Guru Honorer "Nyambi" Jadi Juru Parkir

(ah... lagi lagi.....)

-------------------------------------------------


KESEJAHTERAAN para guru honor yang jauh dari cukup membuat mereka harus putar otak untuk mencari pendapatan tambahan, salah satunya bekerja sambilan. Pasalnya, harapan mereka menjadi pegawai negeri sipil (PNS) harus kandas lantaran terbentur syarat status sarjana. Widodo (46), salah satunya. Ketika keadaan ekonomi kian sulit, guru seni rupa yang sudah mengajar selama 21 tahun itu harus menjalani pekerjaan sambilan sebagai juru parkir pinggir jalan.


Seusai mengajar di SMA dan SMK Purnama di Kebayoran Baru, Jakarta Selatan, dia menjadi juru parkir di Jalan Panglima Polim dan Jalan Wijaya II, Kebayoran Baru. Terkadang dia menjadi juru parkir sejak malam hingga pukul 03.00. ”Gaji guru honor hanya Rp 700.000 sebulan, kalau ditambah sama markir, saya bisa bawa pulang Rp 70.000 sehari,” ujarnya saat ditemui seusai mengajar, Rabu (5/11).


Tekanan ekonomi yang kini dirasanya sangat berat memaksanya menjalankan pekerjaan lain di luar mengajar. Widodo harus menanggung hidup empat anak kandungnya dan satu keponakannya yang semuanya masih sekolah, sedangkan istrinya tidak berpenghasilan. Dia sempat juga berjualan nasi goreng, sate, tongseng, dan bakso untuk menambah penghasilan, tetapi kini dihentikannya atas permintaan sang istri.

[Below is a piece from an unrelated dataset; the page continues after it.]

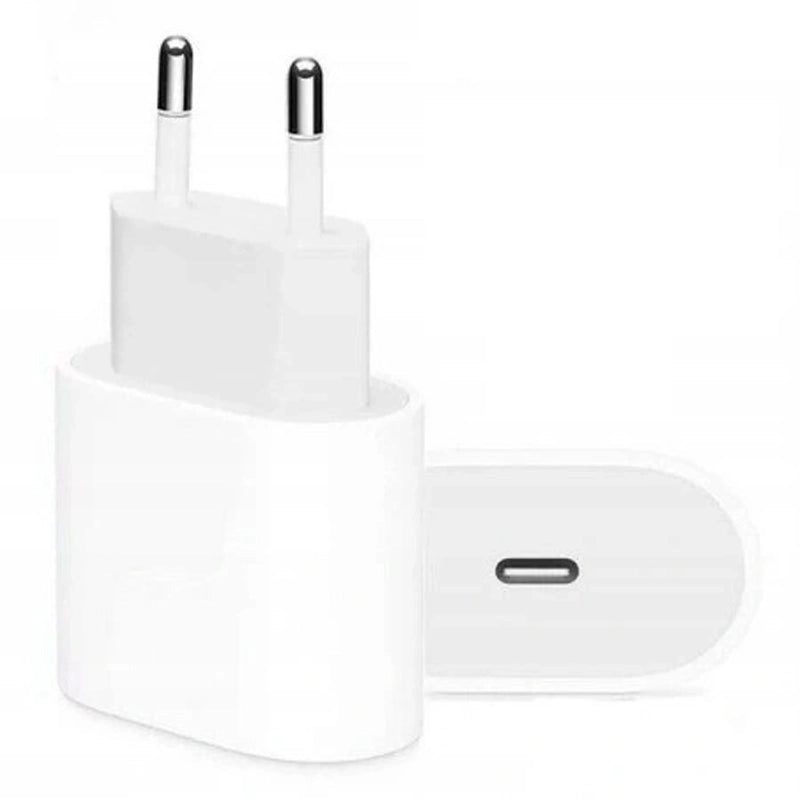 APPLE ALIMENTATORE USB-C 20W (MD3J4ZM/A)
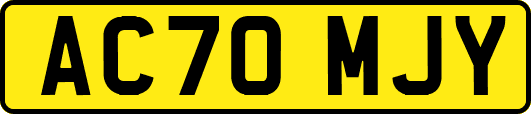AC70MJY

Pria yang juga aktif melatih ekskul teater itu hanya mengenyam pendidikan Diploma 2 di IKIP Jakarta (sekarang Universitas Negeri Jakarta). Seringkali dia bertemu dengan muridnya saat sedang memarkir kendaraan. ”Saya suka malu kalau bertemu anak murid waktu lagi markir, apalagi murid perempuan,” ujar pria asal Klaten, Jawa Tengah, itu.

Namun, dia selalu menjelaskan kepada semua muridnya bahwa hidup di Jakarta tidak perlu sungkan melakukan pekerjaan apa pun asalkan halal.

”Dulu, SBY bilang akan mengangkat guru honor yang sudah mengabdi lebih dari 15 tahun menjadi PNS. Itu juga sempat memberi angin segar, tetapi ternyata sekarang terbentur oleh sertifikasi guru,” ungkapnya.


Dia pun berkali-kali mengikuti tes guru PNS dengan mengambil pilihan daerah di luar Jawa, seperti Papua dan Kalimantan, tetapi ternyata nasib baik belum berpihak kepadanya.


”Sertifikasi itu sangat mencekik kami, guru-guru yang sarjana bisa sangat sejahtera, tetapi kami semakin sulit,” ujar warga Jalan Hankam Raya, Ujungaspal, Podok Gede, Bekasi, ini.


Anak bungsu dari 17 bersaudara itu hanya berharap nasib guru honorer bisa lebih diperhatikan oleh pemerintah. ”Kalau berharap jadi PNS sih sudah terlalu muluk yang penting sekarang bagaimana bisa sedikit lebih sejahtera saja,” ujarnya.


Bagi pria yang yatim piatu sejak kecil ini, mengajar adalah suatu pekerjaan yang menyenangkan dan termasuk ibadah. Dia bahkan sempat mengajar di SMP negeri dengan bayaran Rp 200.000 sebulan. Meski berpenghasilan pas-pasan, dia tetap akan menjalani profesi pendidik ini.